Yagoob: Dad, I don’t understand, what's an instalment?
Salman: Aaagh…OK, I'll explain. I work hard and I exhaust myself but my salary isn't quite enough, so I go to the bank to take some money from them. But that's on condition that I return the money each month over several years.
Yagoob: OK…But what is an instalment?
Salman: An instalment is worry and trouble, son, it's the money that I have to pay the bank every month after I've taken some from them.
Yagoob (who is sad): They take all your money, Dad? That's no good!
Salman: No, son, they don't take all my money, just half, but that instalment doesn't let me sleep or dream or relax!
Yagoob: But Dad, Sinan's father told Sinan that he had to take an instalment of rest, does that mean he has to go to the bank?? But he's tired and has no strength!
Hearing the words of his innocent son, Salman laughs until he cries…
Salman: Really, son, it would be great if the banks gave instalments of rest! It would great, so great…
Our second conversation comes from one of the bloggers from the group blog Word on the street, who describes a ‘red-light’ night on the town with his colleague. After they have entered a bar for a drink, and his colleague has overcome his worry about being seen by someone he knows, our blogger decides to call over an attractive and scantily-clad prostitute to sit with them:
أنا: تعرفني انا مو مال هالسوالف بس نضحك عليها.
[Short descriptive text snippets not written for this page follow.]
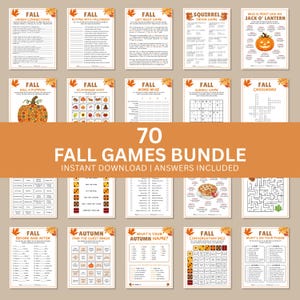 May include: A bundle of 70 fall-themed games, including trivia, crossword puzzles, and bingo. Each game sheet has a decorative fall leaf and pumpkin design. The title "70 Fall Games Bundle" is displayed in large text.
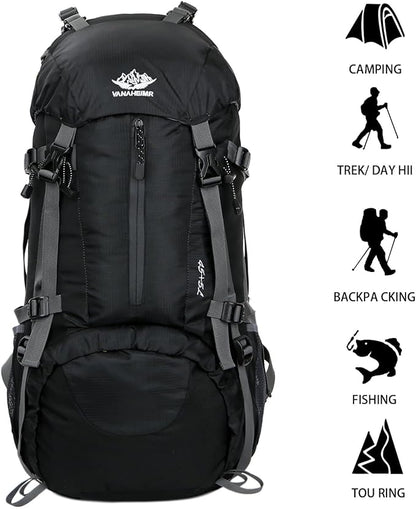 50L Hiking Backpack Men Camping Backpack with rain cover 45l+5l Lightweight Backpacking Backpack Travel Backpack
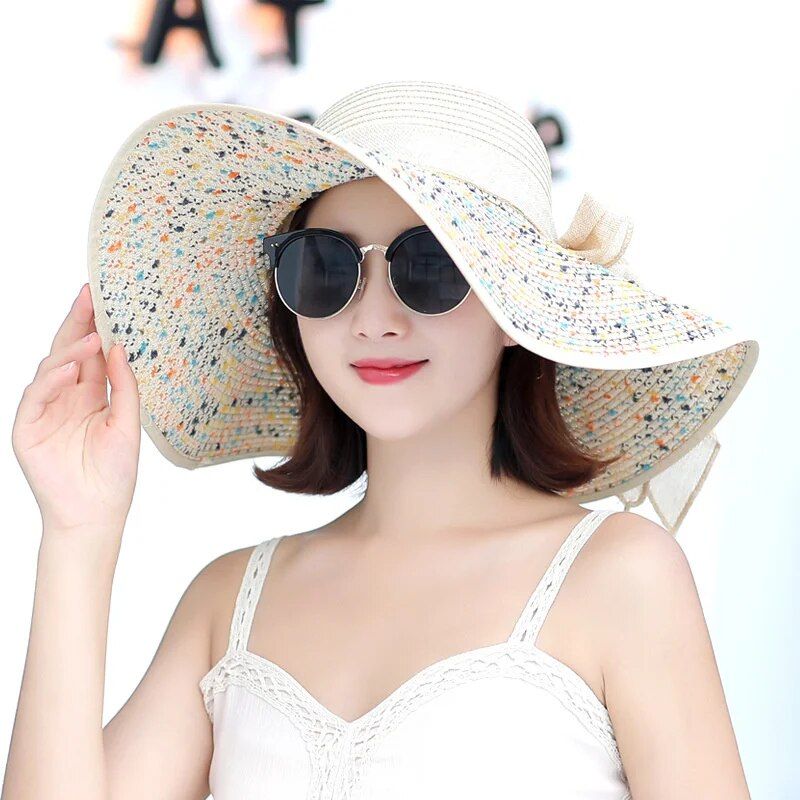 Elegant Wide Brim Summer Straw Hat for Women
زميلي: (مبتسماً) يالله راوينا شطارتك!
الآسيوية: إسمي ليلي، كيف حالكم يا شباب.
أنا: حالنا أفضل بعد أن رأيناك يا عسل.
الآسيوية: (ضاحكةً) توقف أنت تحرجني.
أنا: تعملين هنا؟
أنا: (ملوحاً للنادلة) ماذا تشربين ياعزيزتي؟
الآسيوية: فودكا بلو لوسمحت.
أنا: أتردد كثيراً على هذه الحانة ولكنها المرة الأولى التي اراك فيها. اانت جديدة هنا؟
الآسيوية: نعم. وصلت للبحرين الأسبوع الماضي.
أنا: وما رأيك في البحرين؟
الآسيوية: أفضل بكثير من بلدي.
أنا: لماذا ذلك؟
الآسيوية: ما أكسبه في البحرين في الشهر الواحد يعادل ما أكسبه عاماً كاملاً في بلدي.
أنا: أعرف شعورك. عملت في اوروبا لفترة من الزمن و كنت أكسب ما يعادل مرتب وزير في البحرين لكن إلتزاماتي العائلية حتمت عليي الرجوع.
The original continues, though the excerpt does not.